Recorded data START
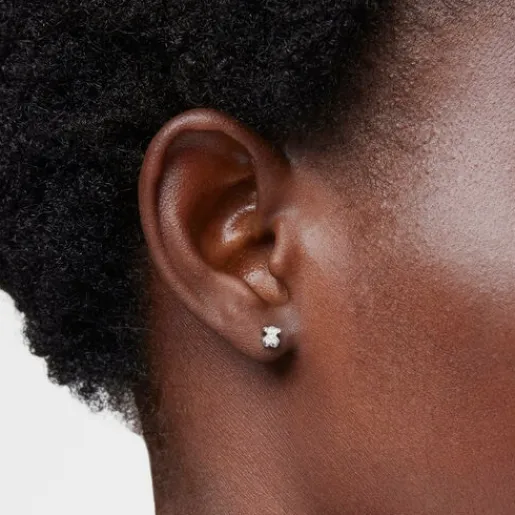 Pendientes oso de oro blanco y diamantes Puppies^TOUS Online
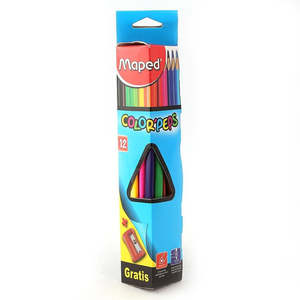 Crayons de couleur, lot de 12 avec taille-crayon - Multicolore - Product Image 1
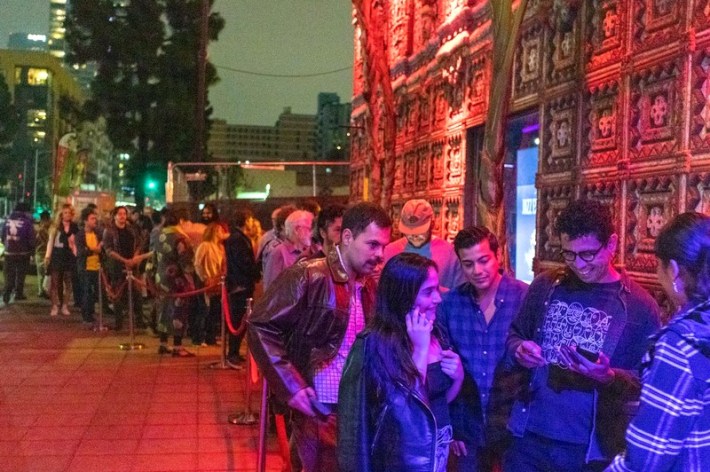 Guests lining up at The Mayan for Milton Nascamineto's farewell tour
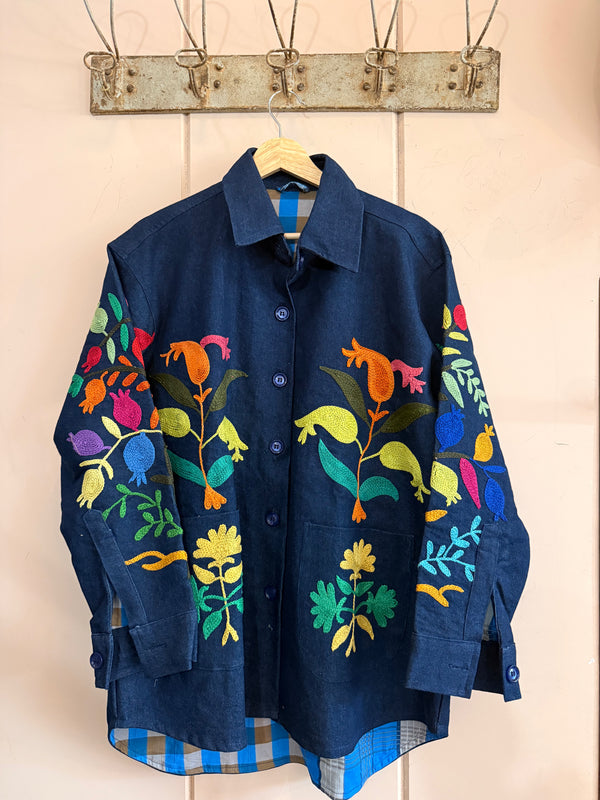 Denim Flora Shacket #10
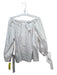 Monica Nera Size 12 White Cotton Gathered Neckline Back Tie Long Sleeve Top White / 12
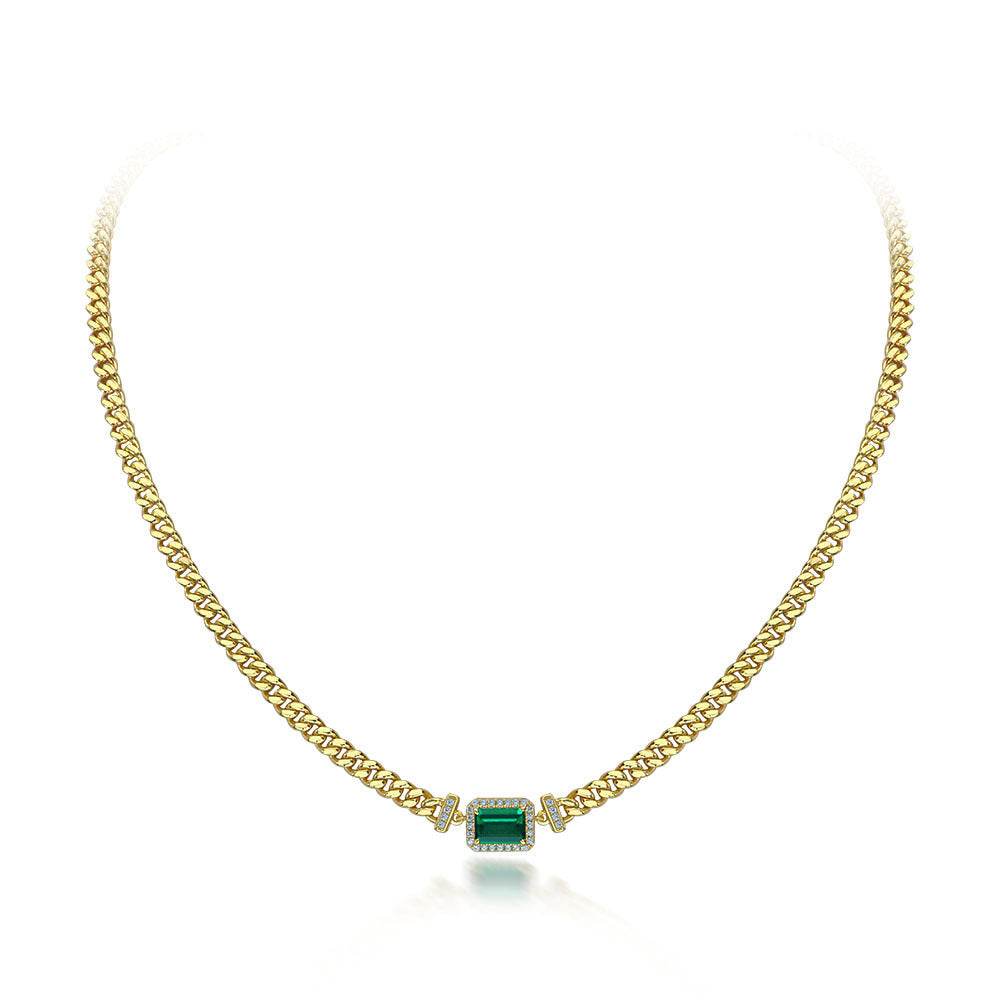 Distinguished ladies Emerald Pendant on 925 Silver Adjustable Simple Necklace Lady's accessory's Distinguished Fine Apparel Gold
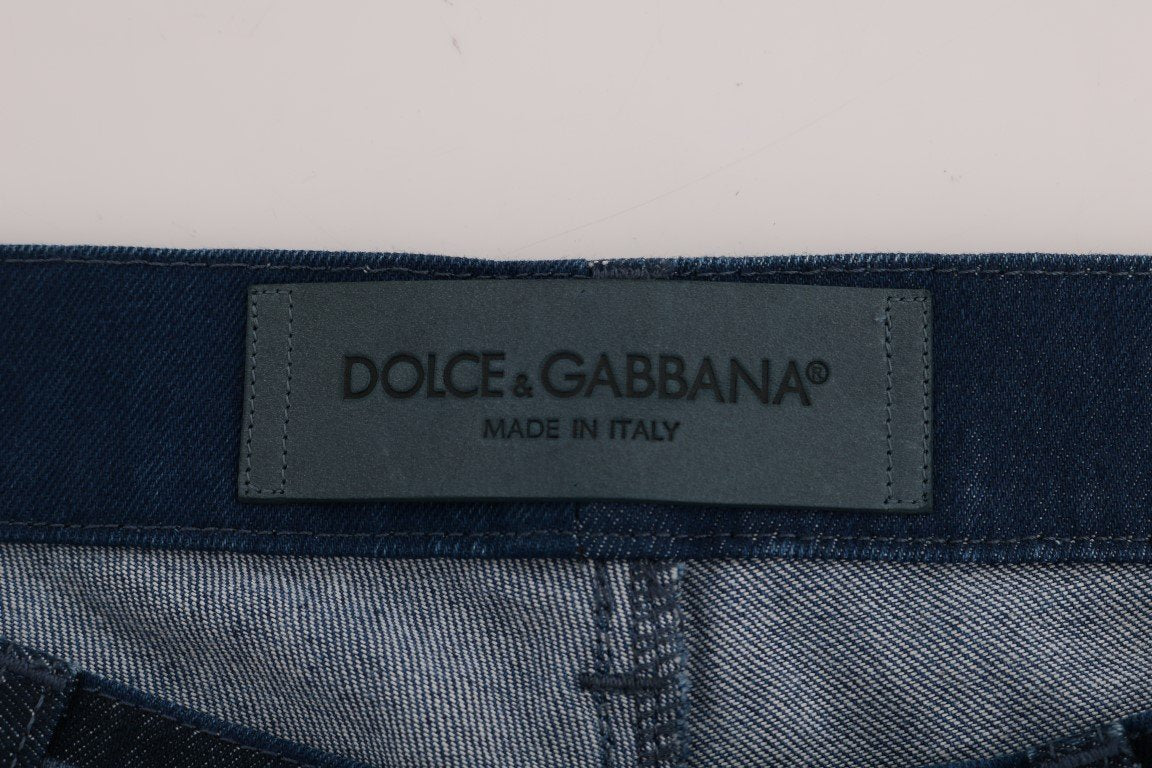 Blue Striped 14 GOLD Slim Fit Cotton Jeans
Recorded data END
◆ **Work request**
Copy out, exactly and without pictures, each line from the one containing "Distinguished ladies Emerald" through the final line of the entries, both ends included.

◆ **Solution to the problem**
 Distinguished ladies Emerald Pendant on 925 Silver Adjustable Simple Necklace Lady's accessory's Distinguished Fine Apparel Gold
 Blue Striped 14 GOLD Slim Fit Cotton Jeans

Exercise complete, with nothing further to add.